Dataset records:
+===+

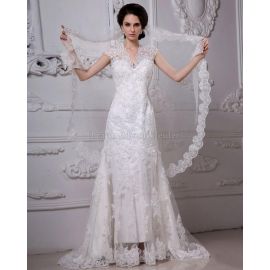 Vestido de noiva pomposo com cauda de tule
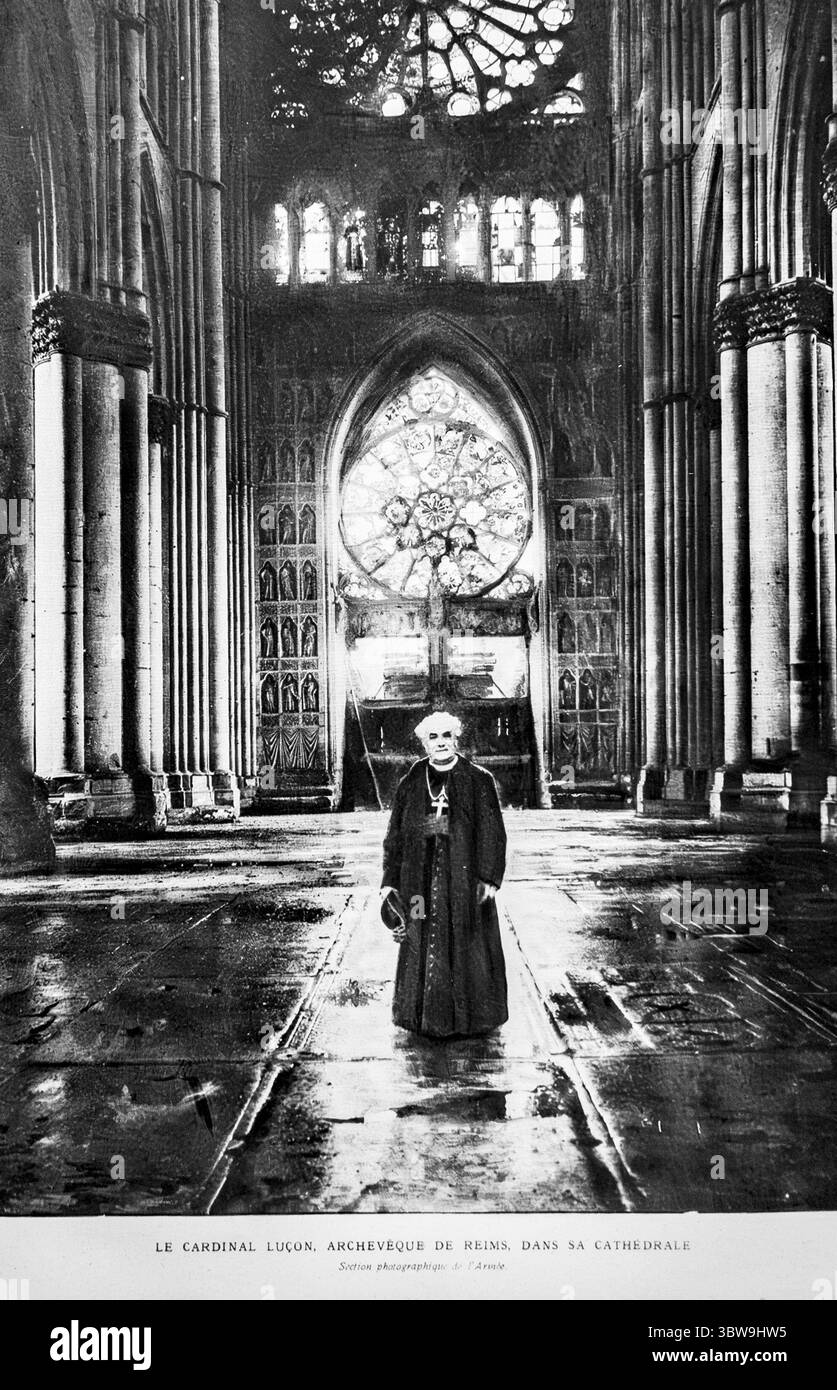Il cardinale Louis-Henri-Joseph Lucón, arcivescovo di Reims, che si trovava all'interno della danneggiata cattedrale di Reims durante la prima guerra mondiale, noto per la sua sfida e la sua presenza durante ripetuti bombardamenti tedeschi, divenne un simbolo della resilienza francese. Foto della sezione fotografica dell'esercito francese, pubblicata su l'Illustration, 1916. Foto Stock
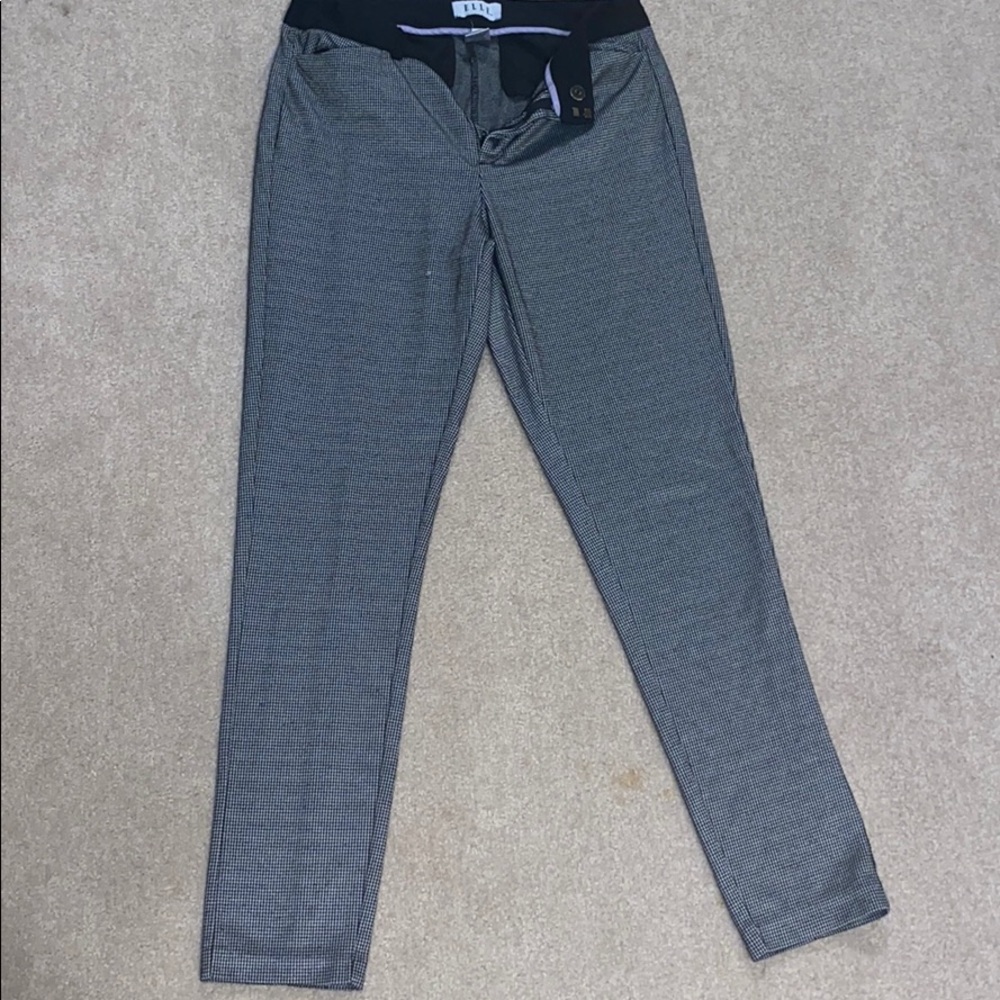 Black and white Buisness pants
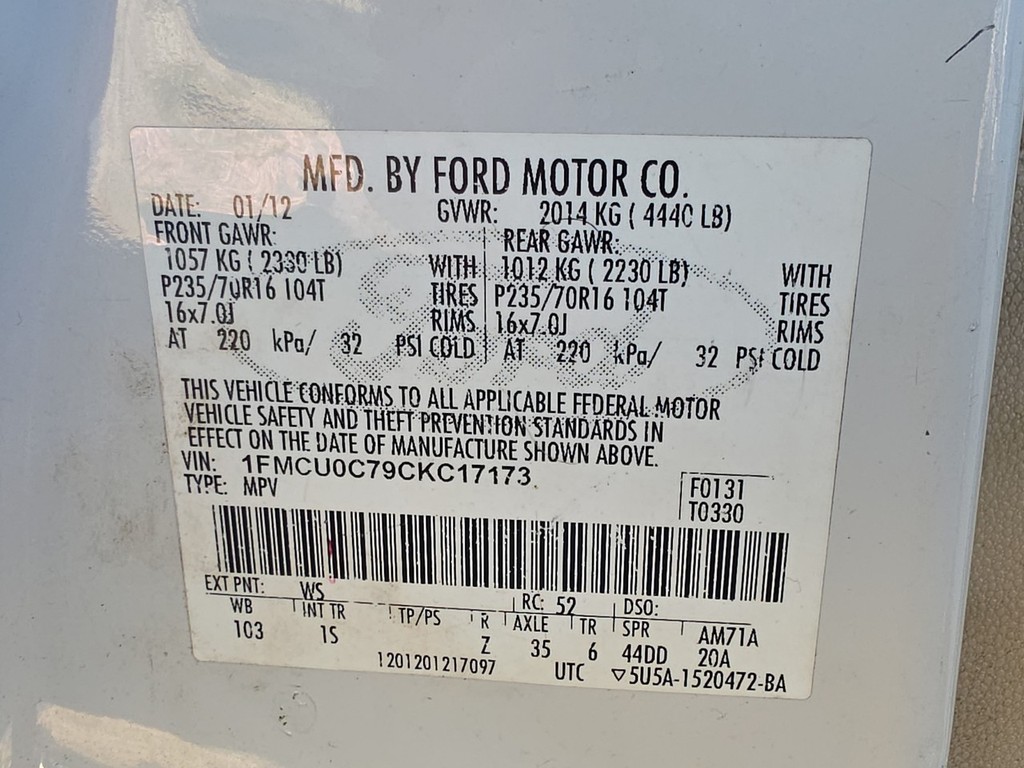 Ford Escape Vehicle Full-screen Gallery Image 27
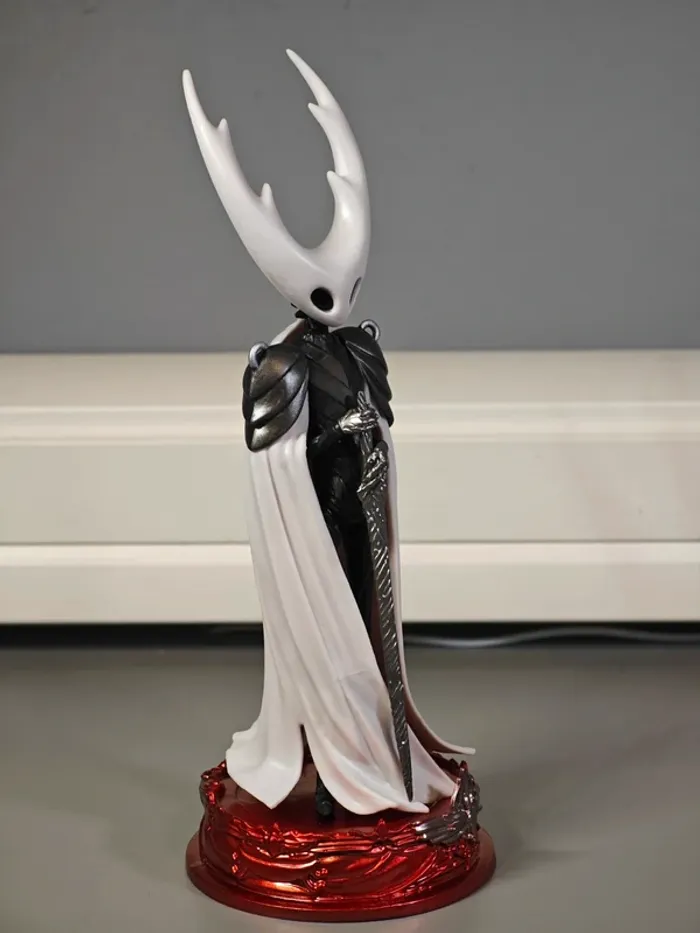 Figurine Hollow Knight : Pure Vessel 24cm neuve sans boîte - photo numéro 5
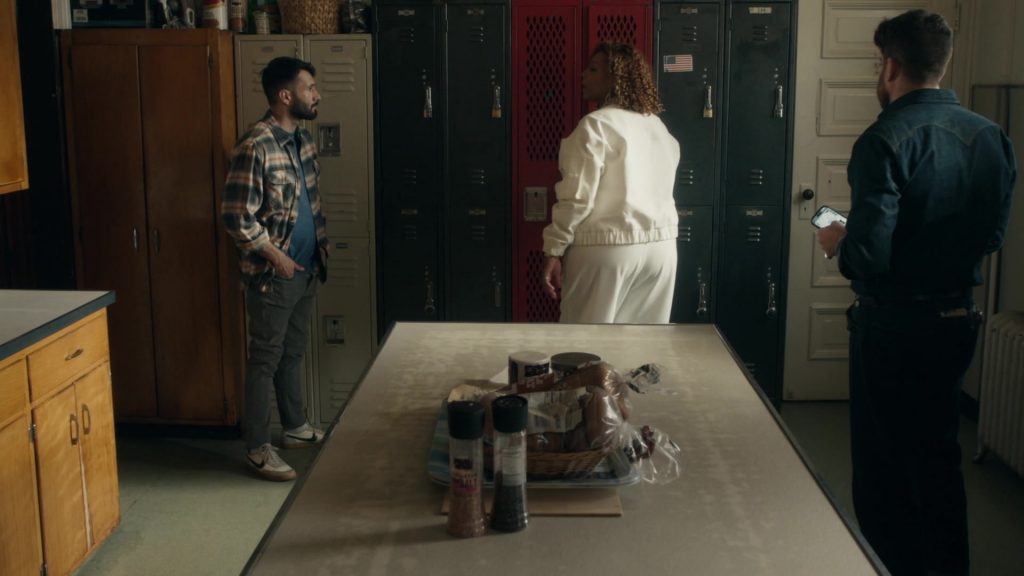 Nike Sneakers in The Equalizer S05E03 “Just Fans” (2024) (Image 15)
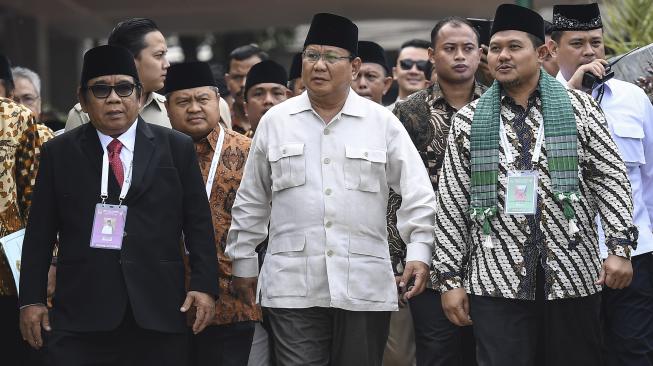 Prabowo Ultah, Kubu Jokowi: Semoga Jadi Negarawan dan Berkah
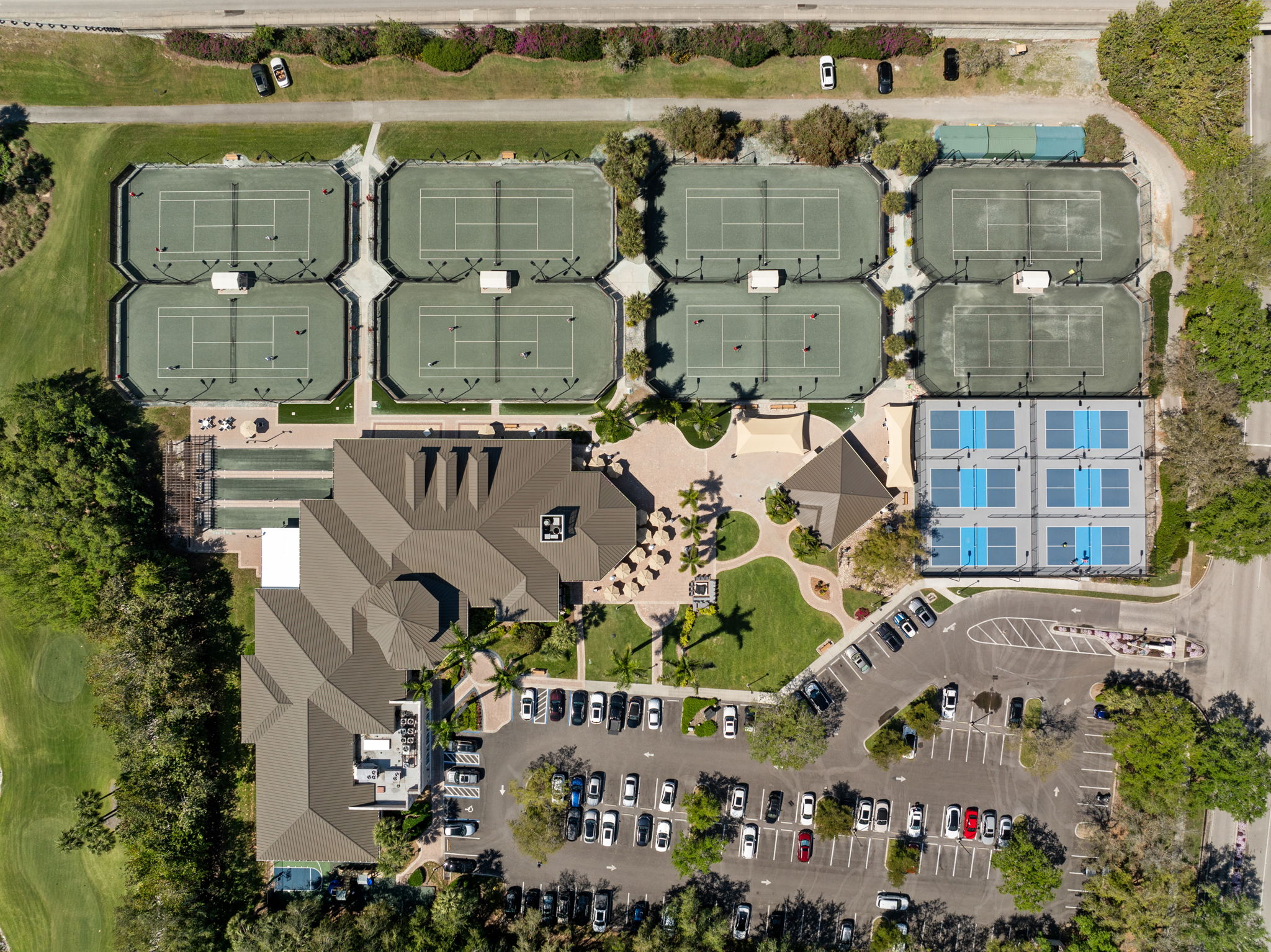 Pelican Marsh tennis and pickleball facilities
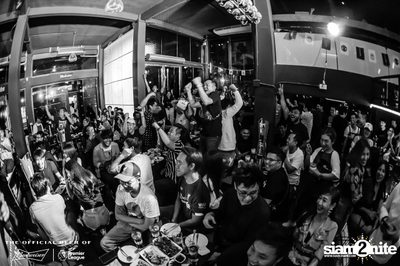 Bud's Live Party กับ Big Ass ที่ เพลย์ลิสต์ เอกมัย — photo 73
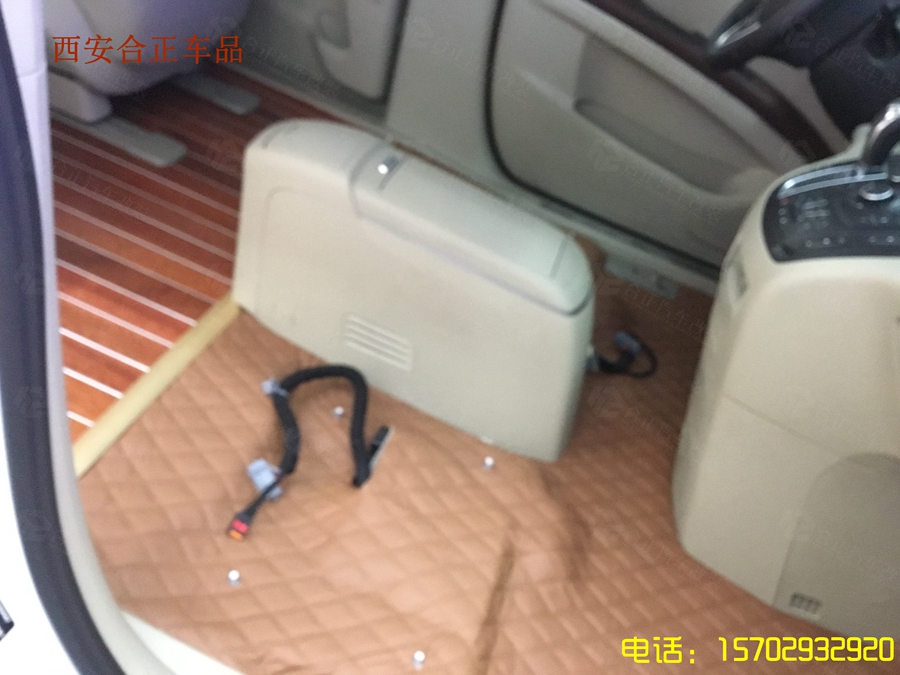别克GL8木地板+软包 (7).JPG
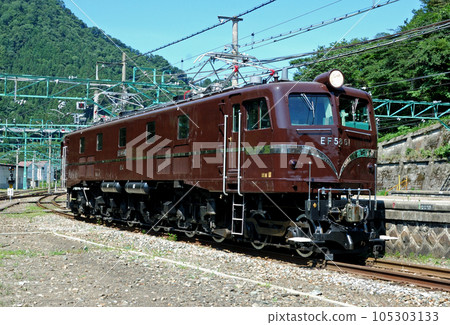 Takasaki Line Minakami JR East EF58-61 (Tamachi) Takasaki Line Minakami JR East EF58-61 (Tamachi) 105303133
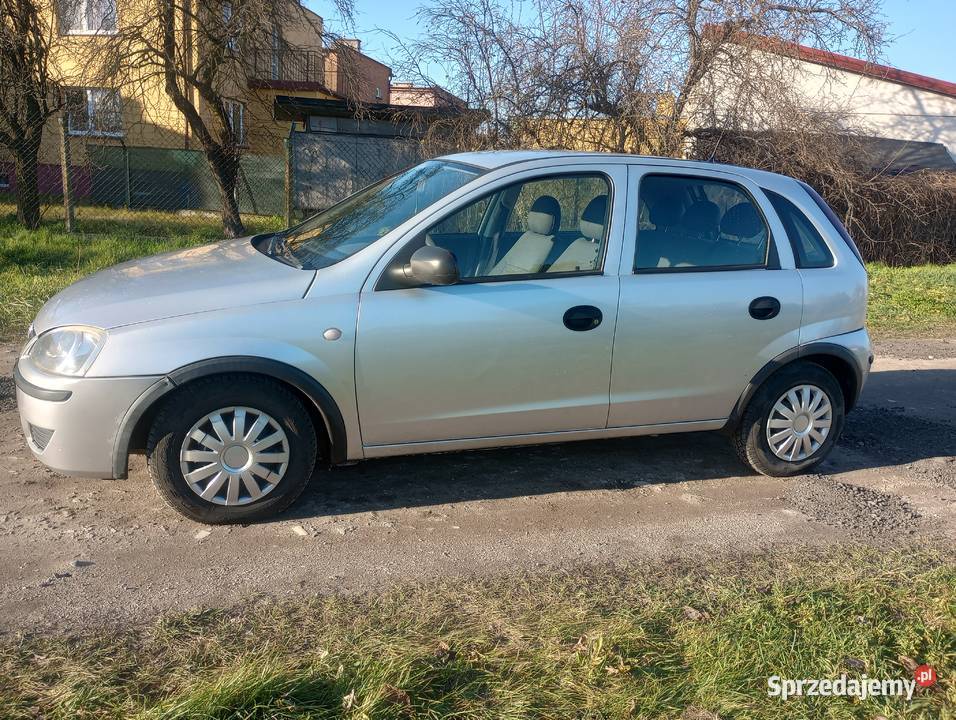Opel Corsa 12 Rok produkcji 2003 łódzkie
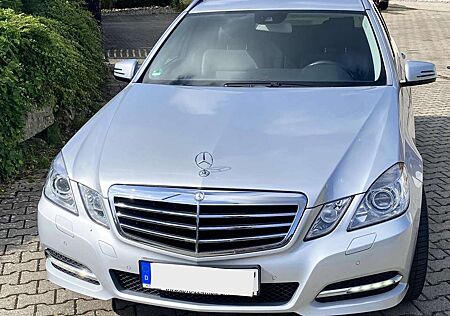 Mercedes-Benz E 200 T CGI BlueEFFICIENCY Automatik Avantgarde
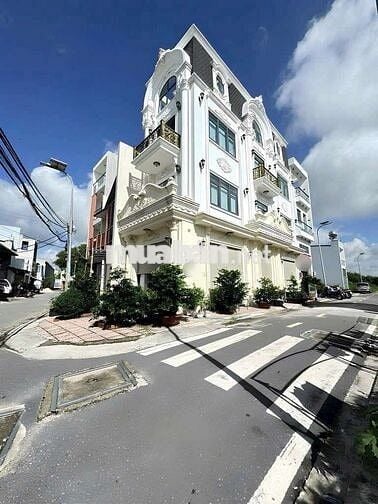 Bán đất 1870 Tỉnh Lộ 10 Tân Tạo 4m x 16m SHR giá 3ty250 Bình Tân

+===+

== WORK ITEM ==
Please repeat exactly the lines from the one containing "Bud's Live Party" through the last line of the records, both included, and leave out the pictures.

== SOLUTION TO THIS TASK ==
 Bud's Live Party กับ Big Ass ที่ เพลย์ลิสต์ เอกมัย — photo 73
别克GL8木地板+软包 (7).JPG
 Takasaki Line Minakami JR East EF58-61 (Tamachi) Takasaki Line Minakami JR East EF58-61 (Tamachi) 105303133
Opel Corsa 12 Rok produkcji 2003 łódzkie
 Mercedes-Benz E 200 T CGI BlueEFFICIENCY Automatik Avantgarde
 Bán đất 1870 Tỉnh Lộ 10 Tân Tạo 4m x 16m SHR giá 3ty250 Bình Tân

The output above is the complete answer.